In living patients, the identity of a microorganism in blood culture (a normally sterile site; NSS) is an independent predictor of primary significance. For example, in cases of true bacteraemia/fungaemia the finding of Staphylococcus aureus, Streptococcus pneumoniae, Streptococcus pyogenes, Streptococcus agalactiae, coliforms (Escherichia coli and other Enterobacteriaceae), Pseudomonas aeruginosa, Haemophilus influenzae, Neisseria meningitidis, Neisseria gonorrhoeae, Listeria monocytogenes, Bacteroides spp, Candida spp and Cryptococcus neoformans nearly always (>90%) represent true infection. By contrast, there has been a reluctance to accept that the same is true in patients after death. Arguments abound that such organisms have translocated from mucosal or intestinal sites or are the result of contamination during the autopsy. All may be true but it is apparent that these events are relatively rare in cases where autopsies have been performed and bodies have been kept under appropriate conditions.1 The finding of a pathogen in a NSS such as the blood, spleen or cerebrospinal fluid (CSF) has often been overlooked as a cause of death.
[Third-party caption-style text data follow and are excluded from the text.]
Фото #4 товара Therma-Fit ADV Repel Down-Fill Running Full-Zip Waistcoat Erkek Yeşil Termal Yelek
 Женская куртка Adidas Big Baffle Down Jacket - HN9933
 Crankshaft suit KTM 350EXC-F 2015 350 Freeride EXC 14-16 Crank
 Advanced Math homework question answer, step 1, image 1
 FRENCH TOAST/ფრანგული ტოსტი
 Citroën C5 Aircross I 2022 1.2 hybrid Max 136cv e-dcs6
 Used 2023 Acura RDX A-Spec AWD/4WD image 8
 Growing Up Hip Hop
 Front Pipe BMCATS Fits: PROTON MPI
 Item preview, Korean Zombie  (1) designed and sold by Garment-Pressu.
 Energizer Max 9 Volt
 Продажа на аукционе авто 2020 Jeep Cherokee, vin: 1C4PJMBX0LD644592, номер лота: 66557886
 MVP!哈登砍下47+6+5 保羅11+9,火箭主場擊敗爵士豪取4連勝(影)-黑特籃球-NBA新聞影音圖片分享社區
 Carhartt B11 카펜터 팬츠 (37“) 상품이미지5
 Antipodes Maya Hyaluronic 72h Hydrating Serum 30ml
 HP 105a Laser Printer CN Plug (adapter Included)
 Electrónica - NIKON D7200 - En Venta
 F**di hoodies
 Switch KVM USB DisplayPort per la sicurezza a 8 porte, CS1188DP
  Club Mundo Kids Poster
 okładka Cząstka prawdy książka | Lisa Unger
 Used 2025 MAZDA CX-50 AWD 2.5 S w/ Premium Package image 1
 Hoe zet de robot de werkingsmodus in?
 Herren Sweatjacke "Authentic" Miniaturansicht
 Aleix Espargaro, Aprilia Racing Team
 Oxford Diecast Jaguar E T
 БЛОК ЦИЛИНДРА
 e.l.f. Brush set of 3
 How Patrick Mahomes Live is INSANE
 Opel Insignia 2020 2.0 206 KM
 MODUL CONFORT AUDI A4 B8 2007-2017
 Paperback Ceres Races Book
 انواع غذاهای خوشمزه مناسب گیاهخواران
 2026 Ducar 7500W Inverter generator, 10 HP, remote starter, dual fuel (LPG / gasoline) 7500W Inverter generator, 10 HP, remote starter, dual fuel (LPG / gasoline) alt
This paper addresses the issue of sterile site bacteriology in SIDS and uses for comparison a group of babies who have died suddenly and unexpectedly by accident or infectious cause. From the data, a guideline is derived to assist in increasing the accuracy of diagnosis in sudden unexpected deaths in infancy (SUDI).

METHODOLOGY

Case definition/criteria

Autopsies were conducted by experienced paediatric pathologists. The definition of SIDS used for the purpose of this study was that developed in 2004.2 Non-SIDS cases comprise the age-matched comparison group (“controls”) who died from a variety of natural (non-SIDS) causes as detailed in table 1.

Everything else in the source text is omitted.